This post was written by Oliver Cooke

Last time I looked at how clocks and watches obtain and store their energy, but I thought it worth mentioning how carefully they use it.

Some clocks are designed to have a surfeit of energy – for instance turret clocks must be able to overcome ice and snow loading. But, in general, efficiency is paramount in horology.

A 17th century eight day longcase clock typically runs on a 12lb weight (5.44kg in new money) which drops about 5 feet in the eight days. Based on those numbers, my dimly recollected school physics tells me that such a longcase clock must use about 1/8500th of a Watt of power.

Let us compare that with something familiar. The best example I can think-up is the motor that vibrates a mobile phone – these run at about 0.16W – i.e. that little motor that tickles in your pocket could run about 1500 longcase clocks. Or, looking at it another way, the energy used to boil an egg would keep a longcase clock going for 80 years. Not bad for a 300 year old machine.

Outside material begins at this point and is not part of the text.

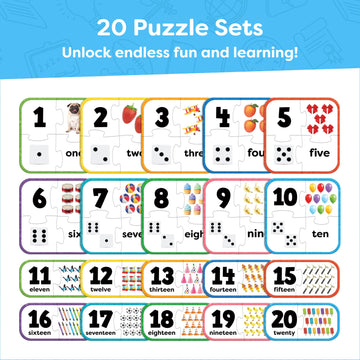 Number Puzzle Kindergarten Math Games - Number Matching Puzzle - Learning Numbers Puzzles Counting Toys For Toddlers Kids Ages 3-5 - Educational Toys Preschool Learning Activities - Easter Toys Gifts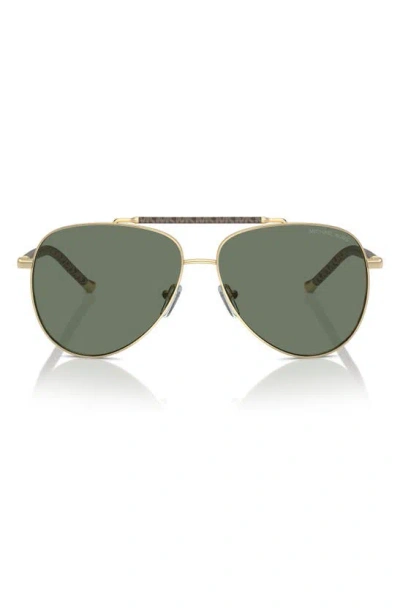 Michael Kors Portugal 59mm Pilot Sunglasses In Green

Clocks with exterior hands are designed to have a surfeit of energy to overcome irregular loading ("Safety Last!": Lloyd. Photograph: Britannica Online for Kids. Web. 8 Sept. 2013)
Clocks with exterior hands are designed to have a surfeit of energy to overcome irregular loading (“Safety Last!”: Lloyd. Photograph: Britannica Online for Kids. Web. 8 Sept. 2013)
Boil an egg or keep this going for another 80 years?  An eight day longcase clock by Ahasuerus Fromanteel, c.1665, London (British Museum reg. No. 1958,1006.2099)
Boil an egg or keep this going for another 80 years? An eight day longcase clock by Ahasuerus Fromanteel, c.1665, London (British Museum reg. No. 1958,1006.2099)
The movement of the Fromanteel clock.
The movement of the Fromanteel clock.

The Atmos clock (which I mentioned before for its ability to be powered by changes in air temperature) is in another league – the little mobile phone motor could run 700,000 of them. 1 boiled egg, 38000 years.

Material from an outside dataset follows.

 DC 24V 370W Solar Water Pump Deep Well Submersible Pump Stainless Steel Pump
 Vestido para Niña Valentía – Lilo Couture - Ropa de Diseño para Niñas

How are they so much more efficient than the longcase clock? Apart from being closer in scale to watch work, the Atmos clock benefits from 250 years of horological development. They are factory made, not hand made – this facilitates much closer tolerances and optimal gear tooth shapes. Like fine watches, their bearings are jewelled (jewels are little rubies with holes drilled in them – very smooth and very hard wearing). They also have a steel torsion pendulum which is excellent at conserving energy.

Atmos clock by Jaeger le Coultre,1947, Switzerland (British Museum reg. No. 1986,1025.1)
Atmos clock by Jaeger le Coultre,1947, Switzerland (British Museum reg. No. 1986,1025.1)

Something else to bear in mind is that we expect our clocks and watches to run non-stop for years on end, between services, without breaking down. Do you ask the same of your car? Remember that when your clock repairer presents their next bill to you!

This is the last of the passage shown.